On one hand (and this is one case I totally agree with Repubs) you have Repubs arguing that if you outlaw guns, then only outlaws will have guns. Of course the point being that since criminals don't abide by laws anyway, which is what makes them criminals in the first place, then all that is accomplished with gun control laws is the disarming of law abiding citizens. And with that being the case; the criminal can approach crime (especially home invasion) with much more confidence knowing that he is far less likely to encounter someone armed to defend themselves.

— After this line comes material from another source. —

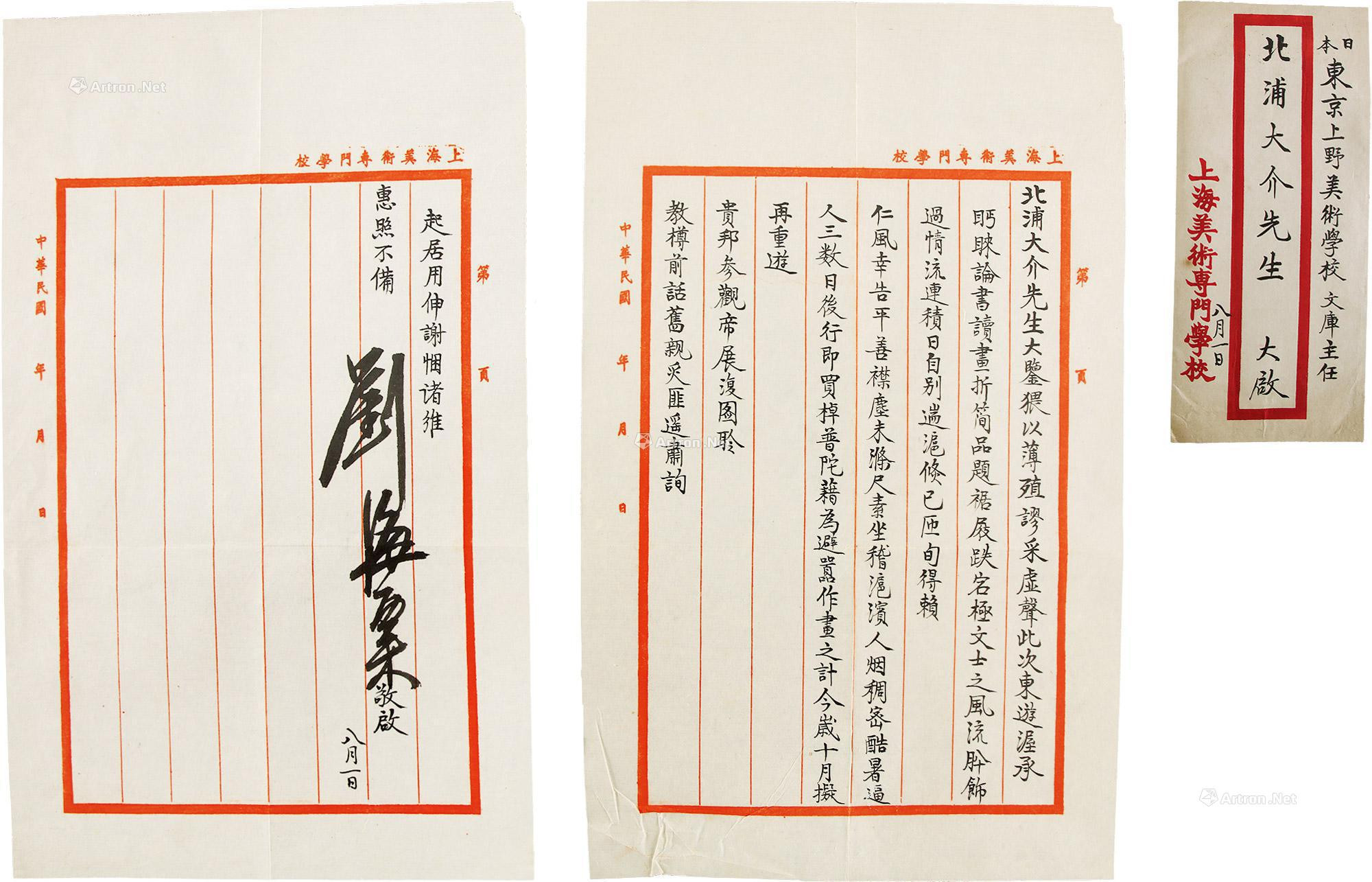 Letter of two pages autographed by liu Haisu， with original covers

Now on the other hand (and this is where Repubs do a total Flip-Flop on this line of thinking) is the War On Drugs. They totally throw out the door the concept of no government intrusion in our personal private lives. They totally throw out the door that by making a personal activity illegal all you accomplish is to create a criminal black market which only serves to make matters worse. And they totally throw out the door the concept of law and order in a free society by having having laws to punish those who misuse their liberty, resulting in injury of one kind or another to another person.

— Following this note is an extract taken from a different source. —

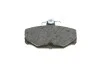 Тормозные колодки задние BOSCH 0 986 469 810 (фото 6)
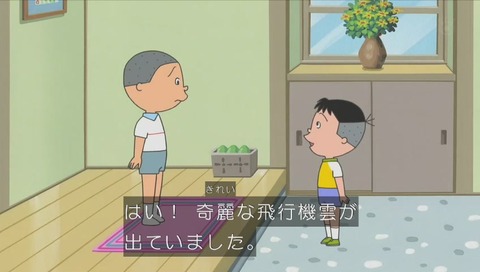 『サザエさん』堀川くん 雨漏り見学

They understand the concept of freedom, liberty, law and order on one hand, but completely throw that concept out the door on the other hand and resort to police state type repressive laws. And on top of that fail to see how that only serves to makes matters worse.


P.S. I don't know about anybody else, but besides only criminals having access to guns, I am just as equally uncomfortable with only the government having guns -- (history is full of genocide when this is the case).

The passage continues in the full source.